_Source data_.
=-=-=
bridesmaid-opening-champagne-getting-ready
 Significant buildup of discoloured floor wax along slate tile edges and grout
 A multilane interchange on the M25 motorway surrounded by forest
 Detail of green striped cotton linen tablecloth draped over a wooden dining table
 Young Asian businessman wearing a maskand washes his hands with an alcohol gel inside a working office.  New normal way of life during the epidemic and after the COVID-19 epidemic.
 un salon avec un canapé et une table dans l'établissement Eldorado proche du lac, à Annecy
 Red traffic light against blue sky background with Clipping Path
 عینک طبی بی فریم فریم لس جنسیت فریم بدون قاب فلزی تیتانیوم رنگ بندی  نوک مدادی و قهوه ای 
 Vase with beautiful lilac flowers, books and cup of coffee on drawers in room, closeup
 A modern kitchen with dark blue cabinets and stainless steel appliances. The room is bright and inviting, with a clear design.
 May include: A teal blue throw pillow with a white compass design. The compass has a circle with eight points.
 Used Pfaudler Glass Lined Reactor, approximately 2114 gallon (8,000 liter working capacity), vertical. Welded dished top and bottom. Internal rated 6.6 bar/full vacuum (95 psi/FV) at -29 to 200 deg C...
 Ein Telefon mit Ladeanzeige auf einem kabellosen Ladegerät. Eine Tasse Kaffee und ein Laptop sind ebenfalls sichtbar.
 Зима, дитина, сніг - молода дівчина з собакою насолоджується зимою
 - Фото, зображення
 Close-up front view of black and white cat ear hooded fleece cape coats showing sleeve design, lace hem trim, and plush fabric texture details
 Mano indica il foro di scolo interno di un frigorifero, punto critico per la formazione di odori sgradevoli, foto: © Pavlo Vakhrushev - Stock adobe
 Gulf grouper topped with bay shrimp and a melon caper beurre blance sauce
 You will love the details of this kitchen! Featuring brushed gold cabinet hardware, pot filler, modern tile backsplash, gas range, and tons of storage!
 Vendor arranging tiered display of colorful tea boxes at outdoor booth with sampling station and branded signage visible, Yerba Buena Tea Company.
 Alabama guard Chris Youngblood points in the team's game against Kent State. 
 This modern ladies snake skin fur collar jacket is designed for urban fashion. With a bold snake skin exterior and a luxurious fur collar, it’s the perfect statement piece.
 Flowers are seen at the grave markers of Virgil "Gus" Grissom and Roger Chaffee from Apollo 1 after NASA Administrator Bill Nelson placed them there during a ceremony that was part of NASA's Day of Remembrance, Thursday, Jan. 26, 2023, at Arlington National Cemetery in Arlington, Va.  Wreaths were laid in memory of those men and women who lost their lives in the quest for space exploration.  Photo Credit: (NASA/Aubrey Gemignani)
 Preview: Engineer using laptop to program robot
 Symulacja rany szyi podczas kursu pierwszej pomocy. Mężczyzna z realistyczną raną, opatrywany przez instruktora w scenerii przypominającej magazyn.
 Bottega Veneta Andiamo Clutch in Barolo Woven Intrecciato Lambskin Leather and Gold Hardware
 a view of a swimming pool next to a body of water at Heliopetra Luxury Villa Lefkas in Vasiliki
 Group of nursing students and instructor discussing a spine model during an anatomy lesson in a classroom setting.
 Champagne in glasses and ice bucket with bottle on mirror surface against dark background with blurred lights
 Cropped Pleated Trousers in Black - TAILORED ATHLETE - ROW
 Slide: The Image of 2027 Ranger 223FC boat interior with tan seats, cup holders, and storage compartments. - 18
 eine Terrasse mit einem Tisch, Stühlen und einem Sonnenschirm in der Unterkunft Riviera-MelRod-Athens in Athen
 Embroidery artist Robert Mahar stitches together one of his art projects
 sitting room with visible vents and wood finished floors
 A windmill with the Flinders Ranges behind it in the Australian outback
=-=-=
_Aim of the exercise_. Begin at the top of the records above and quote each line exactly, ending with the line that contains "Close-up front view".

_Solved problem_.
bridesmaid-opening-champagne-getting-ready
 Significant buildup of discoloured floor wax along slate tile edges and grout
 A multilane interchange on the M25 motorway surrounded by forest
 Detail of green striped cotton linen tablecloth draped over a wooden dining table
 Young Asian businessman wearing a maskand washes his hands with an alcohol gel inside a working office.  New normal way of life during the epidemic and after the COVID-19 epidemic.
 un salon avec un canapé et une table dans l'établissement Eldorado proche du lac, à Annecy
 Red traffic light against blue sky background with Clipping Path
 عینک طبی بی فریم فریم لس جنسیت فریم بدون قاب فلزی تیتانیوم رنگ بندی  نوک مدادی و قهوه ای 
 Vase with beautiful lilac flowers, books and cup of coffee on drawers in room, closeup
 A modern kitchen with dark blue cabinets and stainless steel appliances. The room is bright and inviting, with a clear design.
 May include: A teal blue throw pillow with a white compass design. The compass has a circle with eight points.
 Used Pfaudler Glass Lined Reactor, approximately 2114 gallon (8,000 liter working capacity), vertical. Welded dished top and bottom. Internal rated 6.6 bar/full vacuum (95 psi/FV) at -29 to 200 deg C...
 Ein Telefon mit Ladeanzeige auf einem kabellosen Ladegerät. Eine Tasse Kaffee und ein Laptop sind ebenfalls sichtbar.
 Зима, дитина, сніг - молода дівчина з собакою насолоджується зимою
 - Фото, зображення
 Close-up front view of black and white cat ear hooded fleece cape coats showing sleeve design, lace hem trim, and plush fabric texture details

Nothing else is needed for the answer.